Short text fragments from websites
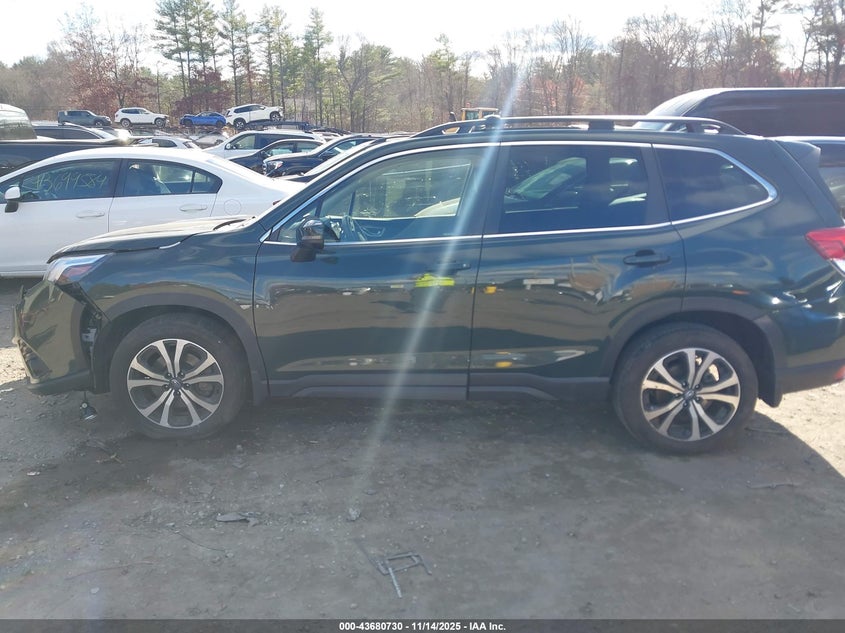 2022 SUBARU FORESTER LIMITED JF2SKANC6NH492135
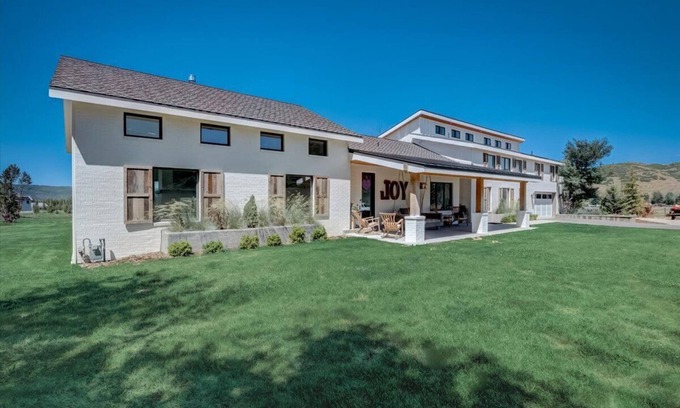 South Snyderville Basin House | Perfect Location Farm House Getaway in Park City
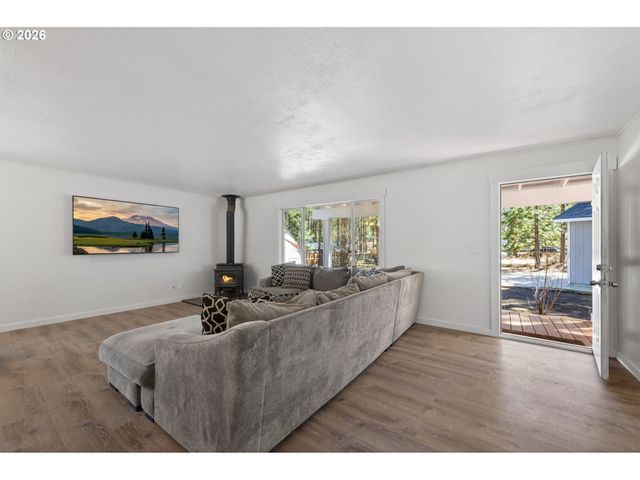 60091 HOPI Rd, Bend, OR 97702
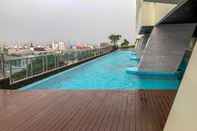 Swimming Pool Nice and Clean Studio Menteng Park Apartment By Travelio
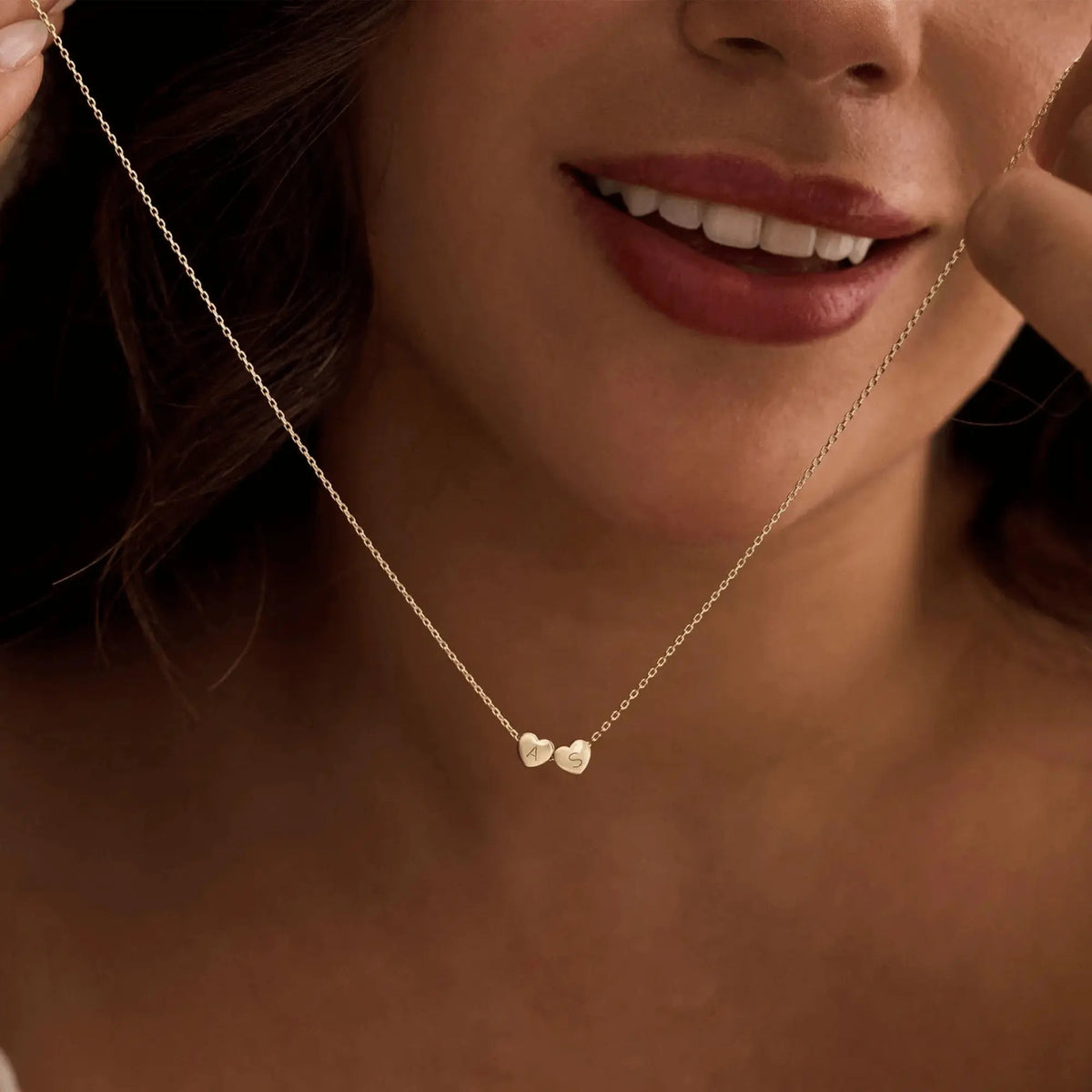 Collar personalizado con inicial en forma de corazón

- _Task statement_
Exactly repeat the data above; the pictures do not belong in your copy.

- _Result of the exercise_
 2022 SUBARU FORESTER LIMITED JF2SKANC6NH492135
 South Snyderville Basin House | Perfect Location Farm House Getaway in Park City
 60091 HOPI Rd, Bend, OR 97702
 Swimming Pool Nice and Clean Studio Menteng Park Apartment By Travelio
 Collar personalizado con inicial en forma de corazón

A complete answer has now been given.